Robert Wynn & Sons demonstrated the benefits of beach landings back in 2020 when utilising its heavy lift ro-ro vessel Terra Marique to deliver a 128-tonne transformer at the Black Rock Sands beach in Wales. Destined for the National Grid substation in Trawsfynydd, the transformer was offloaded on the beach after it became clear that local stakeholders, including National Grid, were keen to avoid causing disruption at Porthmadog Harbour.

This year, Robert Wynn & Sons has been busy delivering projects and handling cargoes that demonstrate the need to transport abnormal loads throughout their lifecycle: three 121-tonne transformers were moved from Rotterdam to Combwich for the new Shurton substation that will connect Hinkley Point C to the UK electricity network; a 200-tonne material handler was repositioned by Associated British Ports, shipped from its facilities at Garston on the Mersey to Newport, South Wales; and three 160-tonne transformers were removed from the now permanently closed Hunterston B power station in Lancashire.

Ongoing challenges

Other issues, according to Latham, are fuel prices, increased costs, and driver shortages, which have all affected the industry within the last 12 months. Unfortunately, Latham predicts that these factors will continue to have an impact within the UK into the near future.

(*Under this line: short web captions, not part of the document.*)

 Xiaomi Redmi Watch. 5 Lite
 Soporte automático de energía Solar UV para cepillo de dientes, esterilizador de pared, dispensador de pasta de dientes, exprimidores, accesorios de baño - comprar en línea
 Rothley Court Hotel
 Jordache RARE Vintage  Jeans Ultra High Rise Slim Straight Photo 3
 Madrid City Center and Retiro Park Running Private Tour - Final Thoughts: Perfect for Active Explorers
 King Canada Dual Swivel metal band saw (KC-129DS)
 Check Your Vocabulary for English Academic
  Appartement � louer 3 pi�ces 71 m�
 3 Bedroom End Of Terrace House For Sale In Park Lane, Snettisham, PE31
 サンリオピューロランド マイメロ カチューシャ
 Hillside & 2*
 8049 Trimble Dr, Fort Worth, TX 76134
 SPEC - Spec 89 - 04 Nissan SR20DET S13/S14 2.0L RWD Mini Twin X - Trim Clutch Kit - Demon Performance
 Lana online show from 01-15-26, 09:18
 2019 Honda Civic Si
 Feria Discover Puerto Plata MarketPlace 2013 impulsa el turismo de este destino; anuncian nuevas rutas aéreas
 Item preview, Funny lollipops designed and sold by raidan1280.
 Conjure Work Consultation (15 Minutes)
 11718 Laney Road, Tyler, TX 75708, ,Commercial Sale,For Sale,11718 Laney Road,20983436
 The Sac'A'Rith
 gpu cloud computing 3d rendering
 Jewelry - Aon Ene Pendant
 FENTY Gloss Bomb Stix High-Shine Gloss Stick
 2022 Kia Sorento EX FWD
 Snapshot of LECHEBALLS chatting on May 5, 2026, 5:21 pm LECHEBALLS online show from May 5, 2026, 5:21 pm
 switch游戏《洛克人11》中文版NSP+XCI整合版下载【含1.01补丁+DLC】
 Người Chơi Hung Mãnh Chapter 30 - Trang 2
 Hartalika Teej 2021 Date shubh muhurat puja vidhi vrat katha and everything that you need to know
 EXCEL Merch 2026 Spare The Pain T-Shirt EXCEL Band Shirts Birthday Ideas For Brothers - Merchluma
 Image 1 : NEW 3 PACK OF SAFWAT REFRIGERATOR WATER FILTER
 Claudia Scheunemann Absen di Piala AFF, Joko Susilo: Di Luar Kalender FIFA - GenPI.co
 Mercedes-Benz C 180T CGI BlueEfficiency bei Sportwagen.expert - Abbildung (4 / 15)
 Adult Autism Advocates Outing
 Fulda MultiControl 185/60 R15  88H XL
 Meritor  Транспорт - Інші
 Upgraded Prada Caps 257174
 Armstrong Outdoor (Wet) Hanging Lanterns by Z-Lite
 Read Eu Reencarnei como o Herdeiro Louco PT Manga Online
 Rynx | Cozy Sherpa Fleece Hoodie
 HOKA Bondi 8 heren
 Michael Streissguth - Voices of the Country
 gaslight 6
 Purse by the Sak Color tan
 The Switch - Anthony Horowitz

These concerns are not isolated to the UK, however. ALS’ Civil referenced the global issue of sourcing capacity, materials and equipment, and highlighted the charter market costs. “Shipping capacity is a challenge using heavy lift and ro-ro vessels for transporting project cargo,” added Civil. “There are significant delays, port congestion and an impact on costs.”

Another emerging issue, according to Potter, is compliance. “Financial investors are overseas and not necessarily based in the UK or Europe,” he said. “Sanctions are being placed and companies are acting on behalf of others. Therefore, an adjustment in approach is required.”